Intraflagellar transport

Intraflagellar transport or IFT is a bidirectional motility along axonemal microtubules that is essential for the formation (ciliogenesis) and maintenance of most eukaryotic cilia and flagella. It is thought to be required to build all cilia that assemble within a membrane projection from the cell surface. Plasmodium falciparum cilia and the sperm flagella of Drosophila are examples of cilia that assemble in the cytoplasm and do not require IFT. The process of IFT involves movement of large protein complexes called IFT particles or trains from the cell body to the ciliary tip and followed by their return to the cell body. The outward or anterograde movement is powered by kinesin-2 while the inward or retrograde movement is powered by cytoplasmic dynein 2/1b. The IFT particles are composed of about 20 proteins organized in two subcomplexes called complex A and B.
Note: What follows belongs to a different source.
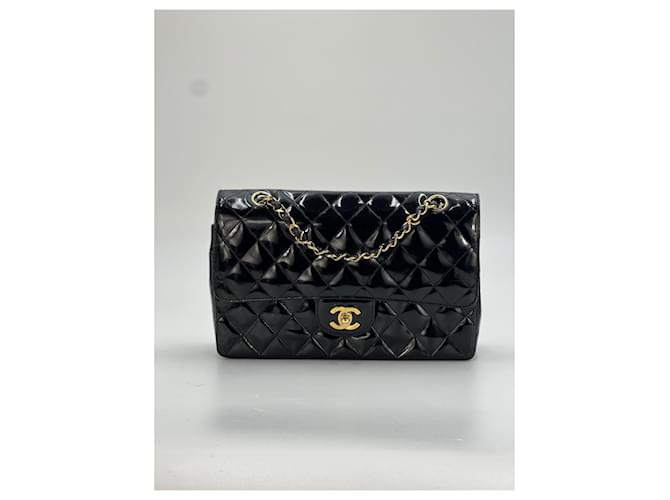 Timeless Chanel bolsa clássica média dourada Preto Couro envernizado  ref.748318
IFT was first reported in 1993 by graduate student Keith Kozminski while working in the lab of Dr. Joel Rosenbaum at Yale University. The process of IFT has been best characterized in the biflagellate alga Chlamydomonas reinhardtii as well as the sensory cilia of the nematode Caenorhabditis elegans.

It has been suggested based on localization studies that IFT proteins also function outside of cilia.

IFT describes the bi-directional movement of non-membrane-bound particles along the doublet microtubules of the flagellar axoneme, between the axoneme and the plasma membrane. Studies have shown that the movement of IFT particles along the microtubule is carried out by two different microtubule-based motors; the anterograde (towards the flagellar tip) motor is heterotrimeric kinesin-2, and the retrograde (towards the cell body) motor is cytoplasmic dynein 1b. IFT particles carry axonemal subunits to the site of assembly at the tip of the axoneme; thus, IFT is necessary for axonemal growth. Therefore, since the axoneme needs a continually fresh supply of proteins, an axoneme with defective IFT machinery will slowly shrink in the absence of replacement protein subunits. In healthy flagella, IFT particles reverse direction at the tip of the axoneme, and are thought to carry used proteins, or "turnover products," back to the base of the flagellum.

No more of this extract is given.